Complicated Number Theory problem

[PiIsGreat]

Hey guys,
we were asked by our profs to ask challenging problems in the lectures. One was asked by a student that nobody really seemed to get at first sight and it looks very complicated if you solve it.
It goes as follows:
Given is a real number a in its decimal representation, where each decimal digit is a prime number. The decimal digits are arranged along a path as seen in my diagramm. For each m ≥ 1, the decimal representation of a real number r_m is formed by writing before the decimal point the digit 0 and after the decimal point the sequence of digits of the m-th line from the top read from left to right from the adjacent arrangement. In an analogous way for all n ≥ 1 the real numbers c_n with the digits of the n-th column to be read from top to bottom. digits of the nth column from the left.
How they are arranged:

The task is to show that every c and and r is rational if a is rational. Me and my fellows found that here is the sequence to be found online: 1,2,9,10,25,26,49,50 - OEIS
We don't yet have a specific idea although one of my friends recommended looking at every second odd index from the rows. Have you got an idea on how to proof it with me together?

 

[Steven G]

I myself would not give you a hint as you need to suffer through these type problem. Solving problems like this on your own-or in a group-is really beneficial for you.
Please spend some more time. Post your results and then helpers here will be more willing to give you a hint.

 

[PiIsGreat]

I myself would not give you a hint as you need to suffer through these type problem. Solving problems like this on your own-or in a group-is really beneficial for you.
Please spend some more time. Post your results and then helpers here will be more willing to give you a hint.

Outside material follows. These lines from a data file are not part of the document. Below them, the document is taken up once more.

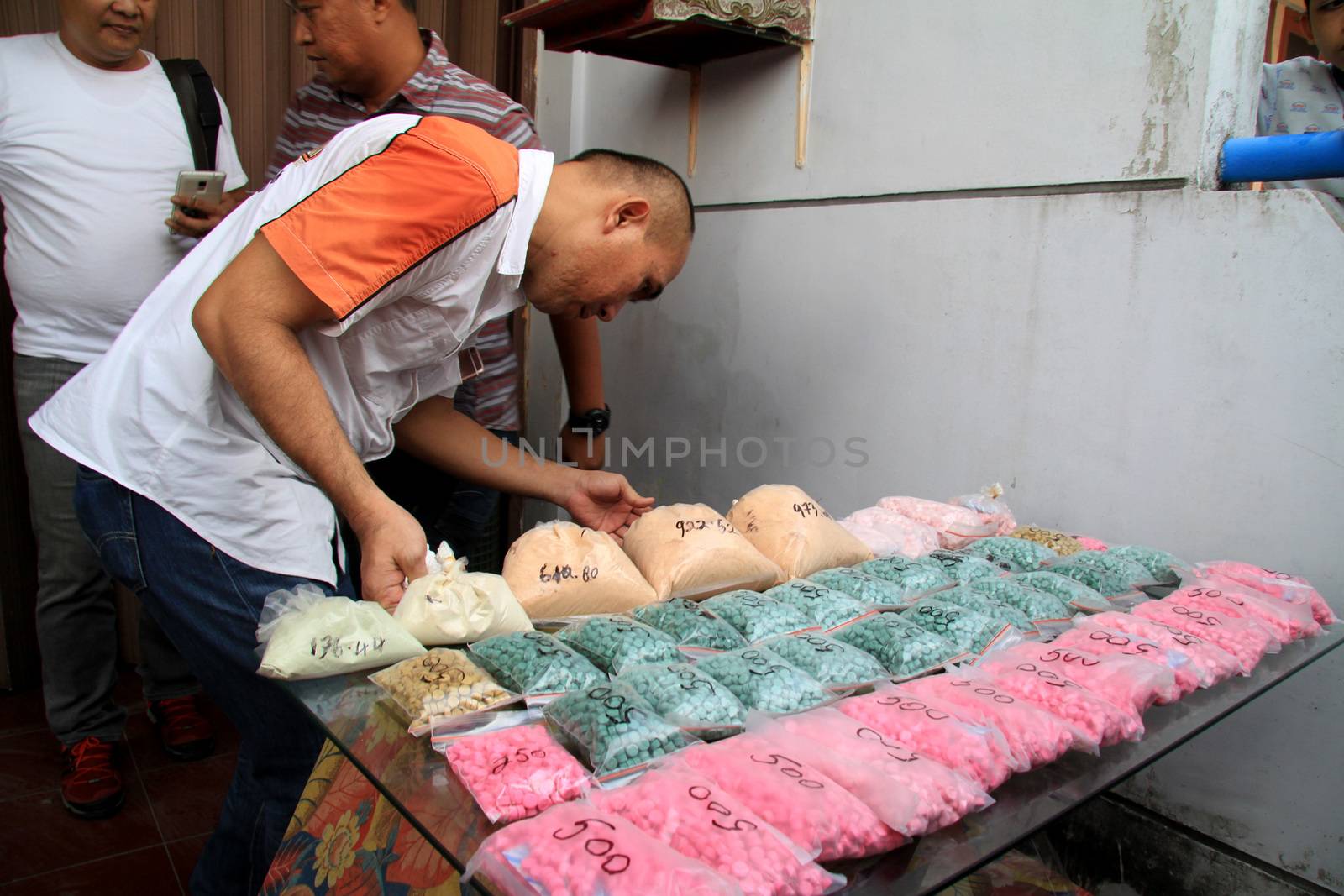 INDONESIA, Medan: Police detectives reveal at a conference that they have busted drug dealers from an international network in the city of Medan, Indonesia on November 3, 2015. A wide array of contraband are on display, reportedly including 12 kg of methamphetamine and 37,000 ecstasy pills, along with scales and weapons. The drugs on display are believed to be of Chinese origin, and the suspect is thought to have been operating in the area for at least six months.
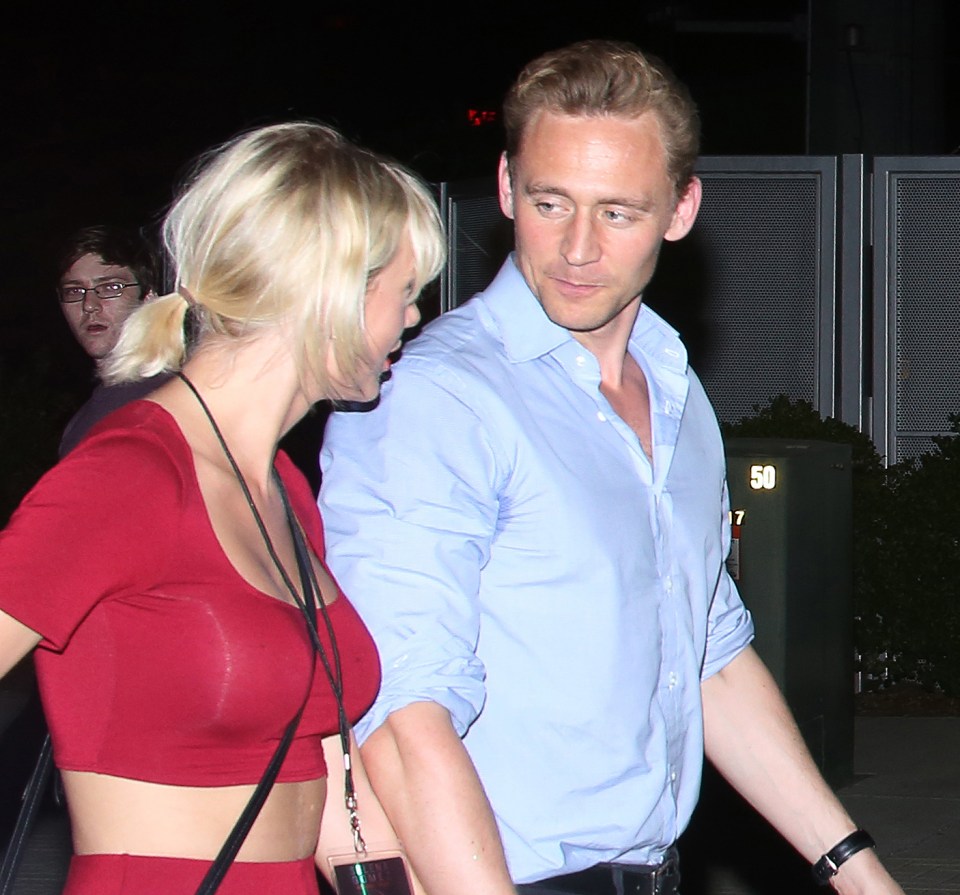 Smouldering looks . . . Taylor and Tom on a red-hot date in Nashville, June 21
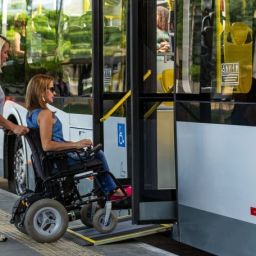 Mujer en silla de ruedas entrando a un autobús mediante una rampa asistida por una trabajadora.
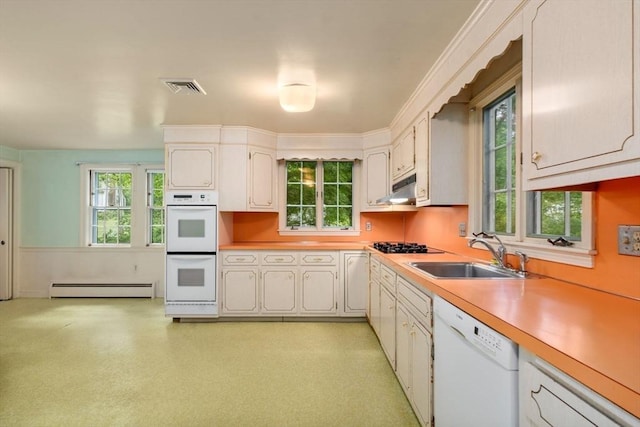 kitchen with white cabinets, white appliances, a baseboard heating unit, and sink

I have spend more than a day just thinking about it. I also found some properties about the lines such as -> the first row can be rewritten as a term (you can find that online too) but its very hard for me to wrap my head around that problem. I just can't connect the periodical stuff with the properties of the listing of decimals. My problem is that im missing the first spark, like: How do I approach that? Would i do it with a=p/q=a1/10+a2/100+a3/1000...
Should I do it considering the rows? Why does it matter if the decimals are primes? Does this make the problem solveable or only easier? For me, it just seems as a non helping statement.
I can assure you that I tried many things but the problem is that i can't get a starting point and thus can't produce more outcome to give you and all the other admirable helpers.

 

[Steven G]

Spending a day on a problem is not very long. I spent up to four days thinking about how to solve a problem. Just stick with it and something will eventually click.
Post some of your work

 

[PiIsGreat]

Spending a day on a problem is not very long. I spent up to four days thinking about how to solve a problem. Just stick with it and something will eventually click.
Post some of your work

I know that it might not be long but it is definitly long if you dont have a starting idea. I started examining the first row and noticed various things.
1. The numbers are always either squares of odd numbers or their followers. Thus you can find the decimals in that row by using f(x)=4x²+4x+1 and f(x)+1.
2. I noticed that from a certain point onwards, every row follows this closely, so that in every row from a certain point onwards you get the odd decimals via f(x)-r and the even ones via f(x)+r
3. I noticed that i can argue almost the same (but with a different function) for the columns.
4. I noticed that the difference between the selected decimals in each row strictly increases which might be helping but idk yet.
5. I noticed that i still dont get, why there is that exlusion of non primes.

 

[PiIsGreat]

I meant f(x)+1-r.

 

[PiIsGreat]

Spending a day on a problem is not very long. I spent up to four days thinking about how to solve a problem. Just stick with it and something will eventually click.
Post some of your work

I've now gotten to a point where in only need to proof that the rows are always periodical after double the length of the period of alphas decimals. How can I proof that? Im dead stuck, ive noticed that the periodical thing always starts after the main diagonal of the grid and that you might want to reduce it modulo 2p but i cant get that last step with the periodical thing after 2p (periodical lenght of alphas decimals). Have you got a last advice?